Jean Laussucq est soupçonné d'avoir réglé "des dépenses de campagne au moyen de son compte bancaire personnel" et d'avoir laissé des tiers régler "directement une part significative des dépenses exposées pour sa campagne électorale" de 2024. Les dépenses irrégulières "représentent 21 % du montant des dépenses du compte et 10,2 % du plafond des dépenses autorisées dans la circonscription" et s'élèvent à 7 030 euros, indique le Conseil constitutionnel.
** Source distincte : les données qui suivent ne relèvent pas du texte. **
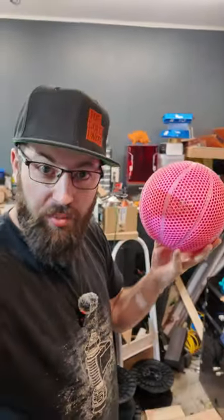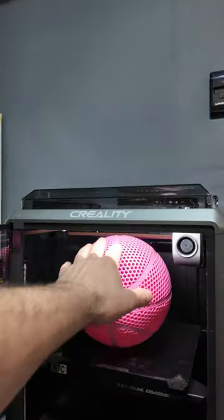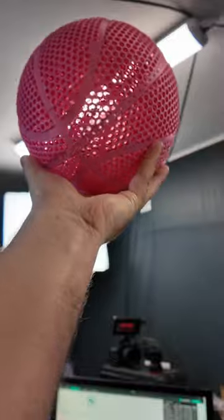Airless basketballs are the current hot, cool trend in 3D printing and everyone's printing these things. I've just printed this one here on the Creality K1C in ABS of all materials. So the question is, how well does it bounce? Let's find out.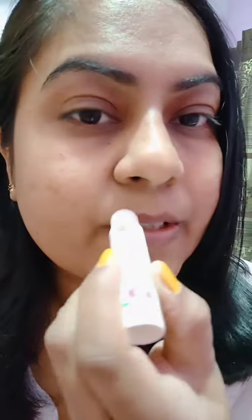Right now I am swatching on my lips — I have no makeup, nothing — this is my bare face. The one I am swatching is meant for the babies, and this is how it looks. When you apply it, your lips feel very soft and smooth — it's a really nice feel.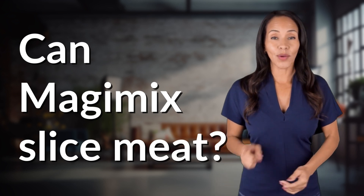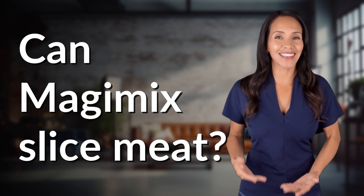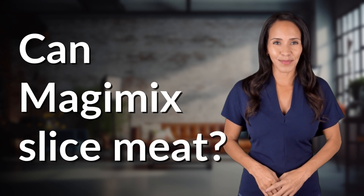Hey, curious minds! Ready to turn your questions into knowledge? Let's dive in!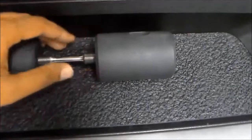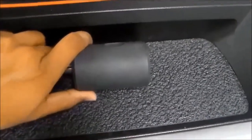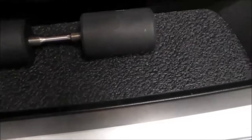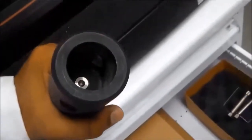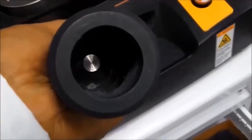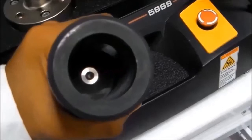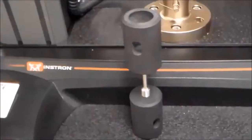To connect the specimen with the grips, rotate the specimen so the threads of the specimen go into the grips. Make sure the specimen is well inside the grip by looking at the side to confirm it goes through all the threads. Otherwise the grip may not hold the specimen and it can slip out during the test.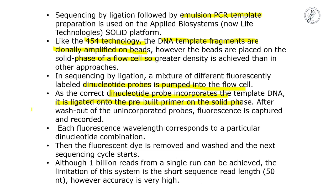After ligation, the unincorporated probes are washed out and the fluorescence is captured and recorded. The fluorescence tells which dinucleotide was incorporated, as each fluorescent wavelength corresponds to a particular dinucleotide combination. There is no DNA polymerase; if a dinucleotide pairs with the DNA sequence, ligase seals the gap. The fluorescent dye is then removed for the next sequencing cycle.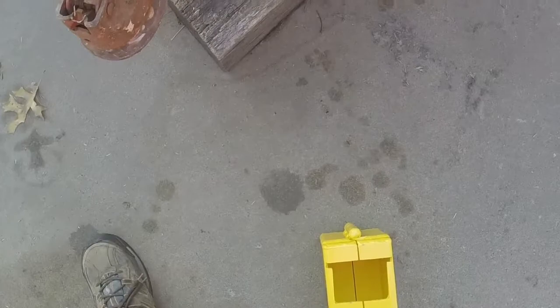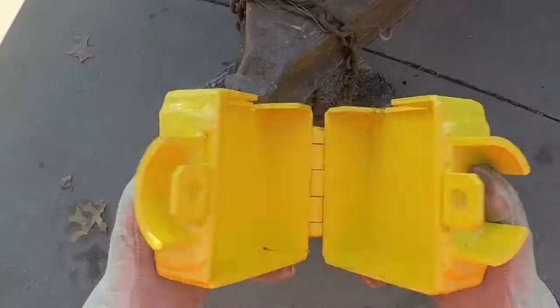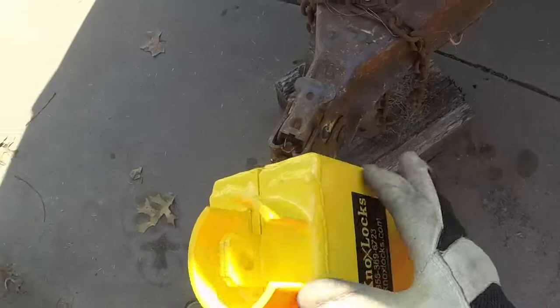This type of lock right here is called an Atwood — that's the brand name. It's a pretty common latch or coupler. So this is the lock for the Atwood lock. Again, welded pin hinge, welded hinges.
Deuxième inéligibilité pour la ciottiste Brigitte Barrèges
Il est ensuite reproché à Stéphane Vojetta d'avoir réglé "irrégulièrement" une "part substantielle des dépenses engagées" durant sa campagne, notamment des "frais de transport". Le principal intéressé l'assure : "On ne se débarrassera pas de moi comme cela". "La Banque Postale a eu besoin de cinq semaine pour ouvrir mon compte de campagne, m'obligeant à prendre en charge certains frais de campagne avant l'ouverture de ce compte", explique-t-il.
Enfin, Brigitte Barrèges est, elle, épinglée pour avoir facturé la participation à sa campagne de deux collaborateurs de son cabinet à la mairie de Montauban, alors qu'elle en était la maire. Dans une vidéo, elle déplore une "décision extrêmement lourde et politique". "Je me relèverai, je serai toujours présente", a lancé l'élue. En 2021, elle avait déjà été déclarée inéligible pour une durée de cinq ans pour détournements de fonds publics, l'obligeant à démissionner de la mairie de Montauban. Ex-membre des Républicains, elle fait désormais parti de l'UDR, créée par Eric Ciotti, soutien du Rassemblement national (RN) de Jordan Bardella.